The Terroir Of Honey - Can You Taste It?

 Photo credit: Andy Lam

Photo credit: Andy Lam

Terroir

[ter-wahr]

The conditions in which a food is grown or produced and that give the food its unique characteristics

Dictionary.com
 

Have you ever noticed how different honeys have different colours and taste? That’s all down to how, and where it is made.

The Taste Of Honey

Like wine, each honey has its own distinct flavour. If you’ve ever been to a wine tasting session, you’ll know how easy it can be to distinguish between wine. For instance, one red wine could be very smokey, whereas another, may have rich berry notes. If you were to have a honey tasting session, you’d also be able to really recognize the differences.

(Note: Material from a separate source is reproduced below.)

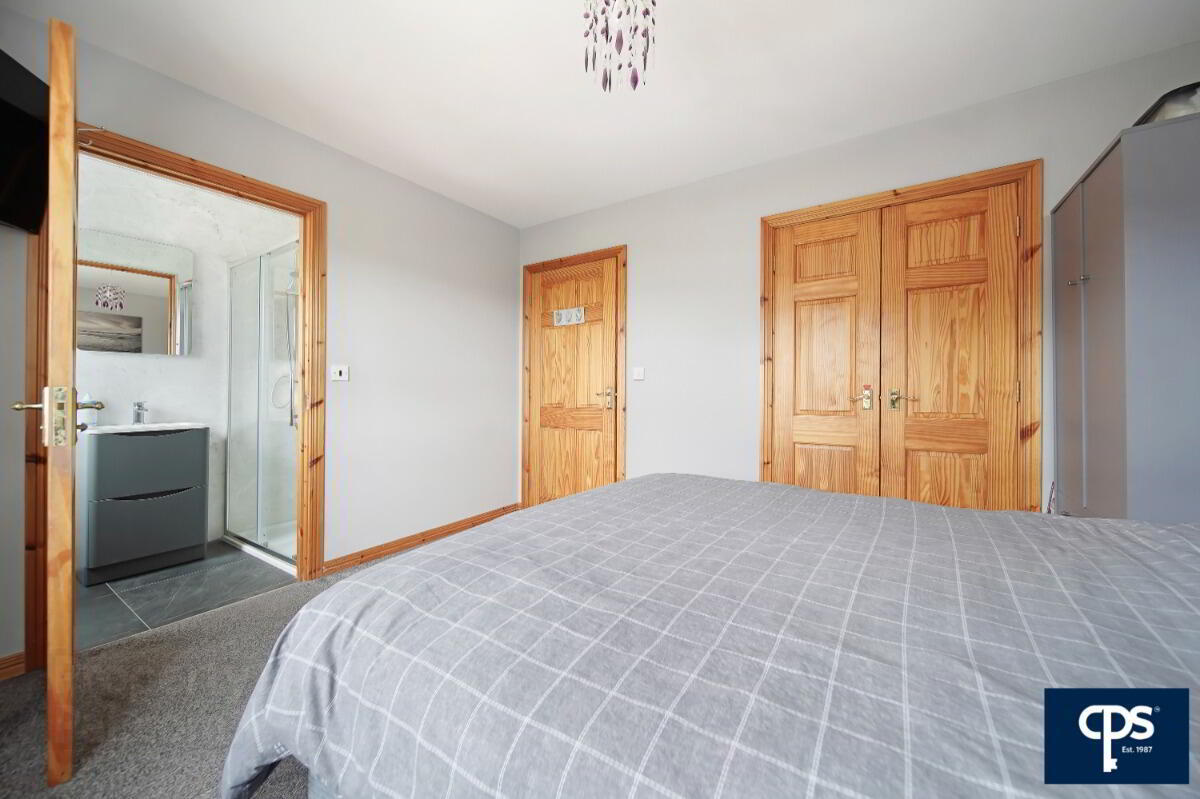 12 Slieveard Court 18 of 30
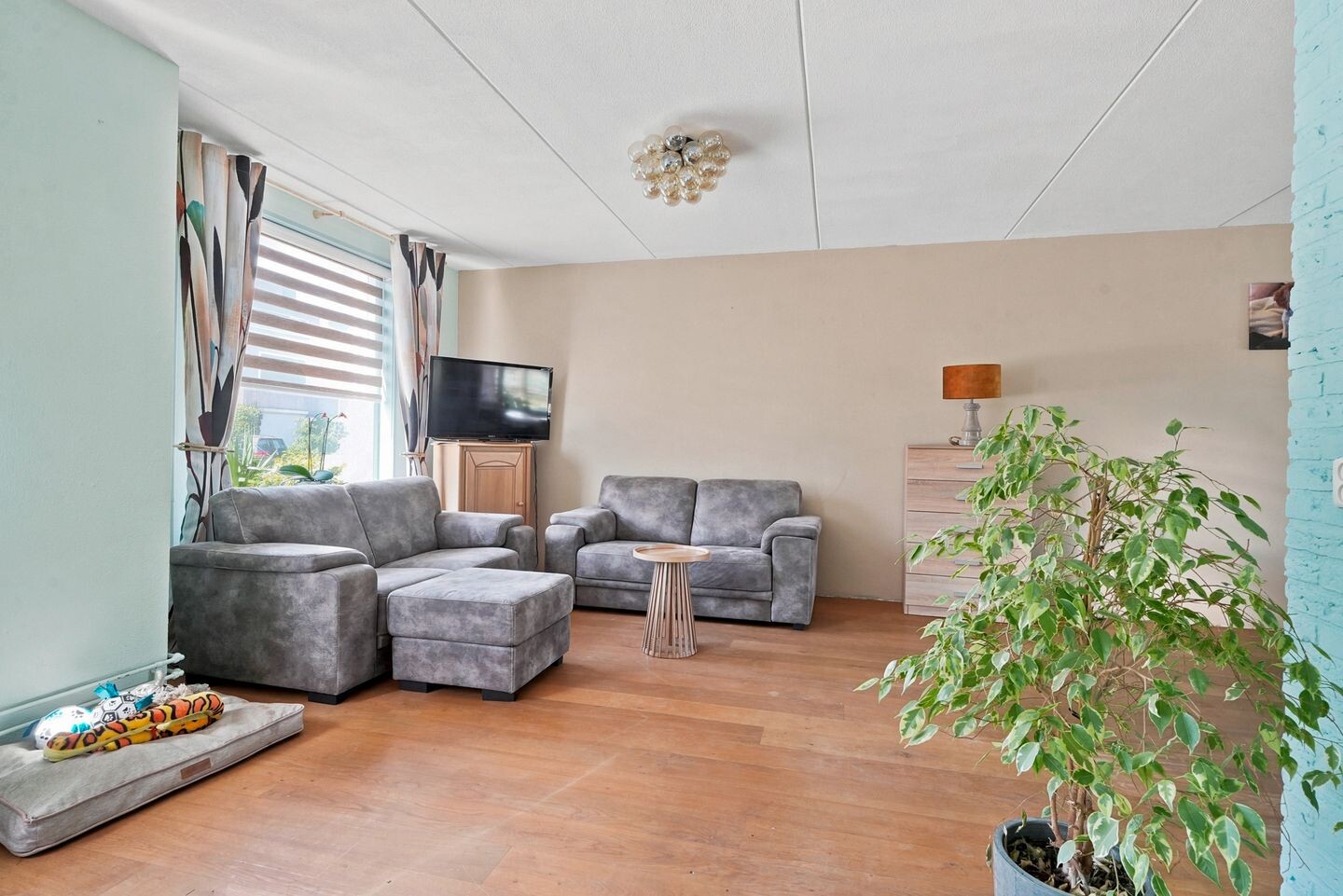 Tussenwoning te koop: Populierenstraat 6, Goes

Unlike wine, the taste is not related to the variety of bees, instead it’s determined by what plants the bees collect nectar from. Nectar from alfalfa and sweet clover plants are primarily what gives our raw honey its mild, sweet flavour.

 Alfalfa

Alfalfa

 Sweet Clover

Sweet Clover

Some honey producers across the world, have vast fields of lavender near their hives, and that gives their honey a very distinct aroma and taste.

The Colour Of Honey

Wine’s colour is largely dependent on the colour of grapes used to create it. Honey’s colour is, again, largely dependent on the type of pollen and nectar used to create it.

Lighter honey, like ours, tend to have a softer taste and darker honeys are much stronger. Some dark honeys can be a mix of honey from several different locations, which can be why it has a more powerful flavour.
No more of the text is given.